These are reasonably good examples of the process of testing a hypothesis. It is summarized as follows:

  1. You start with an assumption.
    1. a.  The whole cake is good in the first example.
    2. b.  Overall, the gender ratio is 50 percent in the second example.
  2. You take a sample that represents the population.
    1. c.  You try a piece of cake in the first example.
    2. d.  You look at 100 customers in the second example.
  3. You do some kind of test on the sample gathered in step 2.
    1. e.  You test the piece of cake by putting it in your mouth.
    2. f.  You actually count the number of male and female customers in the sample.
  4. You make a final interpretation and inference based on the testing of random samples.
    1. g.  You make a decision about whether the cake is good or bad.
    2. h.  You make an inference about whether the gender ratio is really 50 percent or not.

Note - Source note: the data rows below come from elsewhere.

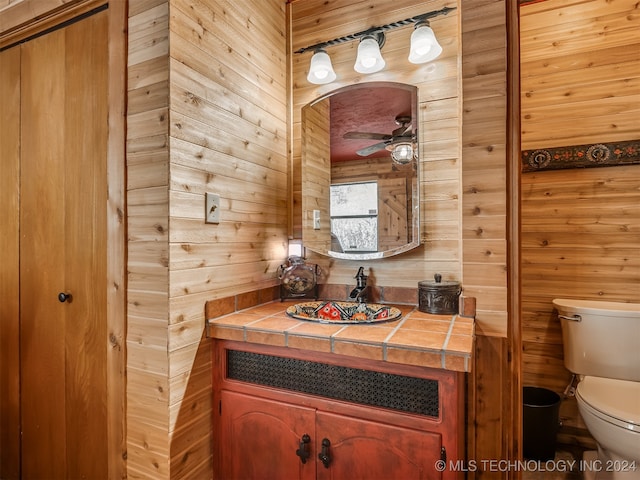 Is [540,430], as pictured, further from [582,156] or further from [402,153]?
[402,153]

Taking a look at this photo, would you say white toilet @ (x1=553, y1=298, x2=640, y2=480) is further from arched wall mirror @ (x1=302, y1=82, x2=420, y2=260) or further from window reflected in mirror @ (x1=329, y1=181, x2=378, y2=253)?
window reflected in mirror @ (x1=329, y1=181, x2=378, y2=253)

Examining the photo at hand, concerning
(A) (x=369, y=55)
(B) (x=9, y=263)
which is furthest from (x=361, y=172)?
(B) (x=9, y=263)

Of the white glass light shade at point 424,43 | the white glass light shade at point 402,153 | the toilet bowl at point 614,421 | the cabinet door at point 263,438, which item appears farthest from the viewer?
the white glass light shade at point 402,153

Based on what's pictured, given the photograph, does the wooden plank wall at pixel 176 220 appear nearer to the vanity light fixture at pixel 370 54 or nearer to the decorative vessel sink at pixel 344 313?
the decorative vessel sink at pixel 344 313

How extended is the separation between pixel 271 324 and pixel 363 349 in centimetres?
39

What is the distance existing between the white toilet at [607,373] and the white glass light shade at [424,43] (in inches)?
58.5

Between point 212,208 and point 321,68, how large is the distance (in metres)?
0.95

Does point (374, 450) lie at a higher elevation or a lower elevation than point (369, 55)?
lower

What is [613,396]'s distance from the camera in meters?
1.56

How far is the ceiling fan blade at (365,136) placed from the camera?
1.73 meters

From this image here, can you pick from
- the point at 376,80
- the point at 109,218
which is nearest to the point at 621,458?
the point at 376,80

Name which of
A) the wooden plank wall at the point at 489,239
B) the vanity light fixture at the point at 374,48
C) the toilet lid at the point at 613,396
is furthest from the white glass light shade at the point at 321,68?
the toilet lid at the point at 613,396

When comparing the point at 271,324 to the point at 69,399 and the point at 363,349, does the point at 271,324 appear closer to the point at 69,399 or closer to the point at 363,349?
the point at 363,349

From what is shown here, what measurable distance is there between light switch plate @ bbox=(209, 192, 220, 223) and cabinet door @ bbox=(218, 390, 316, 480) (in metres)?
0.68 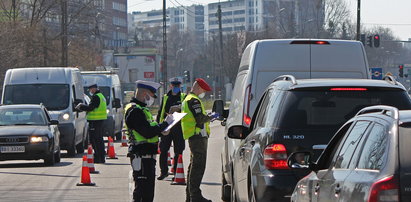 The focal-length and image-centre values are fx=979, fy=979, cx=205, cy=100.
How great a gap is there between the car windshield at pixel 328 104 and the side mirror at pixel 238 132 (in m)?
1.81

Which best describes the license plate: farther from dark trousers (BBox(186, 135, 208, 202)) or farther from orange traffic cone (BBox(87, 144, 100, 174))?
dark trousers (BBox(186, 135, 208, 202))

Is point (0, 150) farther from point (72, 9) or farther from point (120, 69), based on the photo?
point (120, 69)

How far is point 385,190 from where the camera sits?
203 inches

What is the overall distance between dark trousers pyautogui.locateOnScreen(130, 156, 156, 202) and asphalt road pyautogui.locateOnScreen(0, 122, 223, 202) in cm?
324

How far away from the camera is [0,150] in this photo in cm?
2156

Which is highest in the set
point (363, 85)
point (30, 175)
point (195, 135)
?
point (363, 85)

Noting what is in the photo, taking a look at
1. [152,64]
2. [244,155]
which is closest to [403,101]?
[244,155]

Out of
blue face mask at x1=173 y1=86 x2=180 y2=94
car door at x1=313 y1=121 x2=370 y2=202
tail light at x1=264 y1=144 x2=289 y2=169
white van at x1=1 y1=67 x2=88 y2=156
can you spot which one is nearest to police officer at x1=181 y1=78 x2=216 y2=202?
Answer: blue face mask at x1=173 y1=86 x2=180 y2=94

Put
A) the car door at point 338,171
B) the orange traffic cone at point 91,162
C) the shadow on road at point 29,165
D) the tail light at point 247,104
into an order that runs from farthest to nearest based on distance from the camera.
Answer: the shadow on road at point 29,165
the orange traffic cone at point 91,162
the tail light at point 247,104
the car door at point 338,171

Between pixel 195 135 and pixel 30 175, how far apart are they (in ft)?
21.7

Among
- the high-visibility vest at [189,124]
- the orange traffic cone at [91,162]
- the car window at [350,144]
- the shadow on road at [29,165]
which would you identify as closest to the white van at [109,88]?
the shadow on road at [29,165]

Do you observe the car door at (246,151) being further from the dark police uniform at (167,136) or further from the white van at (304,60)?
the dark police uniform at (167,136)

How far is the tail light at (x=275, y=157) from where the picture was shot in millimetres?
8727

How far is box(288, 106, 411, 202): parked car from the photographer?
519 cm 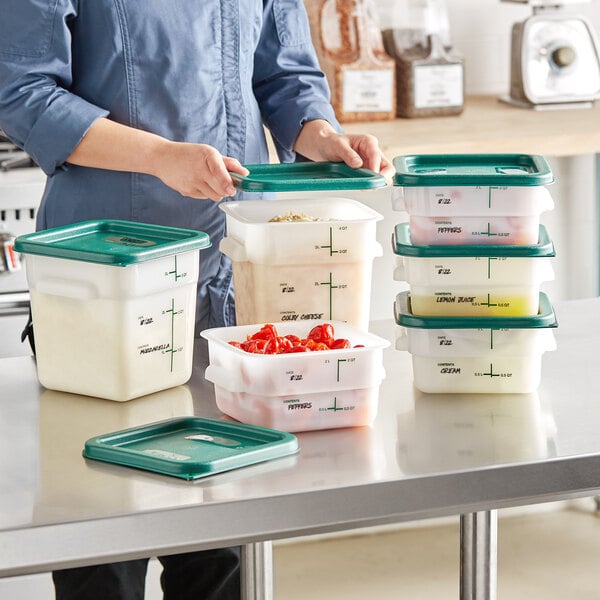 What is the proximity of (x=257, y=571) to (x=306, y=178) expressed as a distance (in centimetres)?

What Is the Process of Testing a Hypothesis?

Testing a hypothesis is a process similar to the examples discussed in the previous section. Using this process you make inferences about the overall population by conducting some statistical tests on a sample. You are making statistical inferences on the population parameter using some test statistic values from the sample. You can refer to Chapter 5 for more about population, parameters, samples, and statistics, but here is a quick recap (see also Figure 8-1):

  • Population: Population is the totality, the complete list of observations, or the complete data about the subject under study. Examples are all the credit card users or all the employees of a company.
  • Sample: A sample is a subset of a population or a small portion collected from a population. Examples are credit card users between 20 and 30 years old and employees who are part of the HR team.
  • Parameter: Any measure that is calculated on the population is a parameter. Examples are the average income of all credit card users and the average income of all the employees in your company.
  • Statistic: Any measure that is calculated on the sample is a statistic. Examples are the average income of a sample from credit card users (users between 20 and 30 years old) and the average income of HR team employees.

9781484200445_Fig08-01.jpg

Figure 8-1. Parameter and statistic

In inferential statistics, you make an assumption about the population. That assumption is called the hypothesis (the null hypothesis to be precise). You take a sample and calculate a test statistic, and you expect this test statistic to fall within certain limits if the null hypothesis is true.

Table 8-1 contains a few more examples involving the process of testing a hypothesis.

Table 8-1. Examples of Testing a Hypothesis

Tab1

Up to now, we’ve talked about framing the null hypotheses, taking a random sample, sampling the distribution, calculating the probability, and finally making an inference on the population. Figure 8-2 illustrates the main steps involved in the process of testing a hypothesis.

9781484200445_Fig08-02.jpg

Figure 8-2. An overview of steps involved when testing a hypothesis

Here are the steps again:

  1. State the null hypothesis on the population. Start with an assumption or hypothesis.
  2. Select the sample and sampling distribution.
  3. Calculate the test statistic value.
  4. Make a final inference based on the test statistic results.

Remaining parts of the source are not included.